Experts want to remind women about the importance of having both a gynecologist and a primary care physician monitor their health in all stages of life.
As part of our “Ask the Expert”, in partnership with Bon Secours St. Francis, 7News Anchor Taylor Murray spoke with an OB/GYN and a Primary Care Physician about the differences in the care they provide.
OB/GYN’s are often seen as the gatekeeper to women’s health.
Dr. Samy Iskandar, an OB/GYN at Bon Secours St. Francis, says gynecologists “really focus on annual pap smears, the female hormone, all of the things associated with women’s care.”
Dr. Iskandar says for health needs outside of their expertise, you will likely be referred out to a primary care physician.
“I have primary care doctors that send me patients that they don’t do female exams for, and I have patients that in my screening I find something wrong their thyroid, their blood pressure is elevated, so I send them back to the primary, so we help each other.”
Dr. Samy Iskandar, OB/GYN, Bon Secours St. Francis
Health experts recommend women get an annual physical.
These exams with a PCP, or primary care provider, usually cover a lot more ground than the annual well-woman exam with the OB/GYN.

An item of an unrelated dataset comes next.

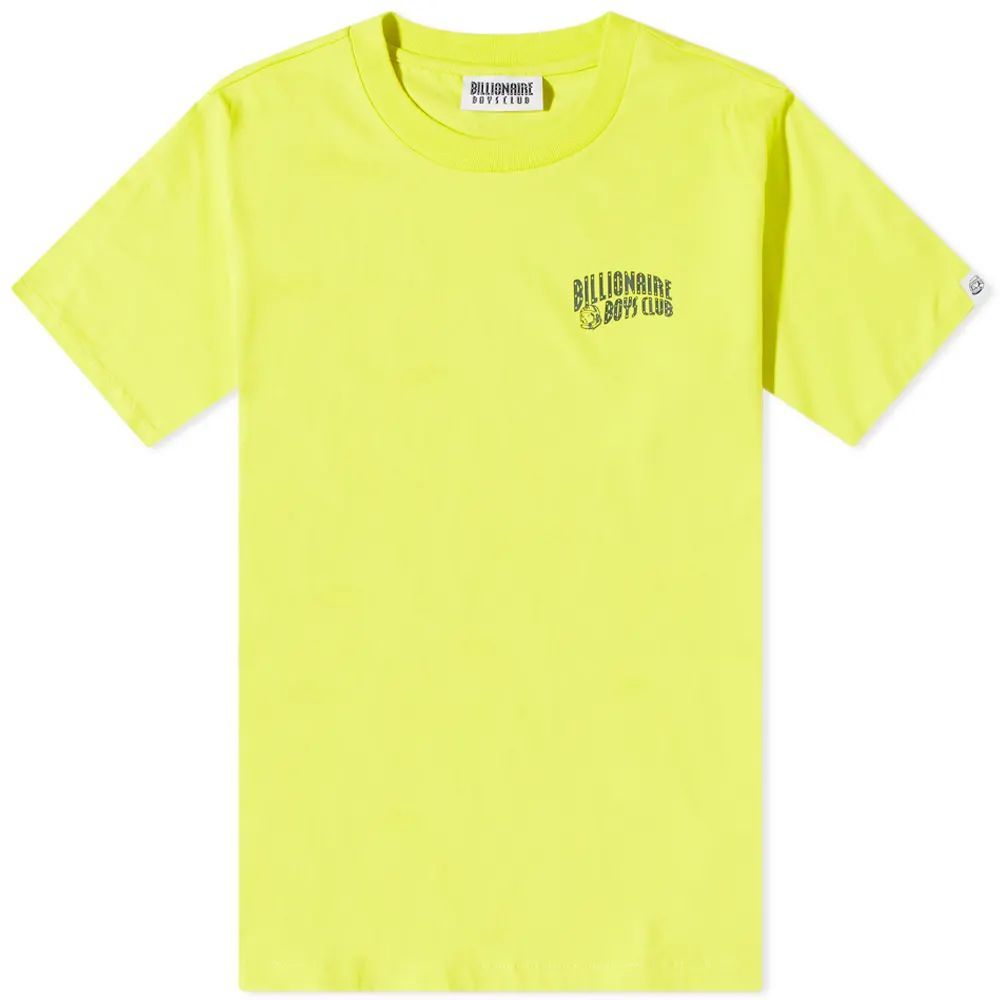 Men's Small Arch Logo T-Shirt Acid Yellow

“A PCP, which is primary care provider, focuses on a range of conditions that impact overall health, so they provide preventative care. They also treat acute conditions such as cold symptoms, flu, covid, chest pain, or anything like that. They also help manage chronic conditions, such as diabetes, cholesterol, high blood pressure, and such,” Dr. Iddyadinesh said.
Dr. Sanjana Iddyadinesh, a family medicine physician, says there are limitations to using a specialist, like an OB/GYN for all of your medical needs.
“There are things that can be missed. If colon cancer screening is not done, then, if there is a colon cancer, there’s no way of knowing that.. that’s why I believe seeing a PCP is very important, because we don’t want to miss anything like high blood pressure that’s going on or breathing issues, along with just cancer screenings as well.”
Dr. Sanjana Iddyadinesh, Family Medicine Physician, Bon Secours St. Francis
If you have a doctor for your women’s care, but not a PCP, just ask your OB/GYN to refer you to one and vice versa.
Both Dr. Iskandar and Dr. Iddyadinesh say if you establish care with an OB/GYN and PCP within the same health system, the process of sharing medical records can be exceptionally quick and seamless.